Axiom Concepts

Last modified 25 Oct 2021 19:44 +02:00

Axiom is a language based on the concepts that are quite abstract and may be hard to understand. We will try to explain the concepts and their role in the Axiom world.

Axiom concepts


Data are a very abstract thing in the Axiom world. In fact, the data are such an abstract concept that it is not even a thing. The data almost do not exist at all, they are just something that we think about. Axiom deals with data that are well structured, described and organized. But this is all abstract, it is just an imagined data structure that does not really exist in any specif form.
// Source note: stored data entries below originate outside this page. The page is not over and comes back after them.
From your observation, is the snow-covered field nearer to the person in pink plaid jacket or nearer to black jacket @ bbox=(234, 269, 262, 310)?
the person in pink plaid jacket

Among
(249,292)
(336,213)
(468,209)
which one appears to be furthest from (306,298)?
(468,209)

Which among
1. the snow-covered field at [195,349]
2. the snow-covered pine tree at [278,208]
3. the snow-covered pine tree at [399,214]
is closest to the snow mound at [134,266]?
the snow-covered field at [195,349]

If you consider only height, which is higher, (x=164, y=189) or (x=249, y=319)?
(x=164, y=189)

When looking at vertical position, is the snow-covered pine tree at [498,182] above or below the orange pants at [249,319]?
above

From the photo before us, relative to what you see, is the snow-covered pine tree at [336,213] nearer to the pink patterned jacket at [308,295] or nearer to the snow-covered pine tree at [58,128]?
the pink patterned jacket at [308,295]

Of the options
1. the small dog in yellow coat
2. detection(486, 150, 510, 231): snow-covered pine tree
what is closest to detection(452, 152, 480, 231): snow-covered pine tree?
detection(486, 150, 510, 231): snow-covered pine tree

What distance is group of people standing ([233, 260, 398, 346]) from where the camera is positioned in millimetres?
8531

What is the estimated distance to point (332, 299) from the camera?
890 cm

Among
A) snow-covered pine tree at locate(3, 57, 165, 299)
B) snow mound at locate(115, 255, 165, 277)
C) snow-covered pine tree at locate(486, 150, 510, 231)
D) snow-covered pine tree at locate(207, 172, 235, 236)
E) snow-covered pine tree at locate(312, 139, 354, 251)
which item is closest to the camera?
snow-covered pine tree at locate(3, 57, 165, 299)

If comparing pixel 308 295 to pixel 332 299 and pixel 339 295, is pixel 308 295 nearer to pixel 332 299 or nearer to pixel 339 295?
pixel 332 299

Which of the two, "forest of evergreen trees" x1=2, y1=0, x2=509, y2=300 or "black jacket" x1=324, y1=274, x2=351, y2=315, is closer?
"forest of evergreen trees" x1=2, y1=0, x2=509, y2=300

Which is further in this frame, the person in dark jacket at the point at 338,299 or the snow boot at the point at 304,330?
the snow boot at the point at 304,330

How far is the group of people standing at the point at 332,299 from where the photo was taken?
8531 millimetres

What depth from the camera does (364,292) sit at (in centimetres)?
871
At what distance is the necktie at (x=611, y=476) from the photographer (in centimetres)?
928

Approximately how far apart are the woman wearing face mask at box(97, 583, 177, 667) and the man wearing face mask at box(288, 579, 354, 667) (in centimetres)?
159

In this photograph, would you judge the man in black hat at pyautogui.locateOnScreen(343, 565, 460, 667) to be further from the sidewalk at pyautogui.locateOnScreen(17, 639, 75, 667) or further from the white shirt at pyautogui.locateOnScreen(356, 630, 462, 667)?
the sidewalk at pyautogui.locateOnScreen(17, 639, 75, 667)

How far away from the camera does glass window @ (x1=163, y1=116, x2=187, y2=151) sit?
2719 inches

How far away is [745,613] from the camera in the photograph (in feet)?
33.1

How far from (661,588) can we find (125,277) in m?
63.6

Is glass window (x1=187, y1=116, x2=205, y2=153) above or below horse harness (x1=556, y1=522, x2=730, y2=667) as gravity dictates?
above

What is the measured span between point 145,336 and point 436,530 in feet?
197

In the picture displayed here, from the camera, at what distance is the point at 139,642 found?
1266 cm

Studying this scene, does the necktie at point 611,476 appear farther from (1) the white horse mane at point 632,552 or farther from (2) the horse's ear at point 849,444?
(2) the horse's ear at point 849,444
Data are separated from their representation. Unlike other languages, Axiom does not model data in a specific format, such as XML or JSON. Axiom is used to model data in their abstract form. Such data can them be represented in a variety of forms (or representations), all described by a single model.


Data can be represented in concrete, tangible forms. XML file or JSON data structure transferred over the network are data representations.

Representations are used to store the data, transfer them over the network, display them to the user, record them into the database and so on. As Axiom data are abstract and intangible, representations are often necessary to make any practical use of the data.

The concept of abstract data and concrete representations give us a great degree of flexibility. Axiom data can have variety of representation formats and structures: XML, JSON, binary formats, relational databse structures and so on. As those are representations of the same data structures, Axiom processors can seamlessly convert the data between representations.

An application can read the data from the relational database record, process them and serialize them to dense JSON format in a REST service response. Or the application can serialize the data in YAML format to display them the user. It won’t be difficult to support new data format next year as it becomes the latest and most fashionable replacement for XML. It is all the same data for Axiom processor. Just the representation format is different.


Axiom model describes the structure of data. The model describes what items are data composed of. It describes data types of the item values, types such as string or integer. It describes whether the items are multi-valued, whether they are optional or mandatory. The model describes how the data structures relate to each other, combines them to form a structure of the data.

Axiom model describes the structure of abstract data. It does not describe how the data will look in JSON or XML. Not directly, anyway. Of course, data model is a significant influence on how the concrete data representation looks like. But it is only an indirect influence. Axiom model sets (abstract) structure of the data, data follows that structure and then the data are serialized to concrete representation. This makes Axiom fundamentally different from "schema" languages such as JSON Schema or XML Schema Definition (XSD).

Axiom can be used to model the data, but it can also be used to model everything else that looks like data. For example, Axiom model can specify structured of metadata or inframodel (see below). And as Axiom models are also data, Axiom model can be used to describe structure of Axiom models. Which means that Axiom is self-describing. This does not means that Axiom is so simple that it can be understood intuitively and it requires no documentation. It means that Axiom modeling language can be specified using Axiom modeling language.

In Axiom terminology a model is one unit that specifies a tightly-coupled and consistent set of concepts. A model is meant to be a (reusable) component for data modeling. Models can use and extend other models. Practical solutions will need to combine several models. Some of those models can define framework data structures, other models can specify application data structures and yet another set of models can describe user customizations. A collection of such models that are combined to form a complete system is what we call a schema.

Axiom does not deal just with here and now, Axiom is also concerned about the future. The world is changing all the time, which means that data models have to change as well. There are features that are specifically designed to support evolution of data models.

Models are identified by their namespace. Namespace is a mechanism how to separate models and data, allowing evolution and reliable extension of data models. Unlike JSON, namespaces are a very native concept in Axiom. Not just an afterthought. And unlike XML, namespaces are not overused. Namespaces are used only in places where it is absolutely necessary to use them.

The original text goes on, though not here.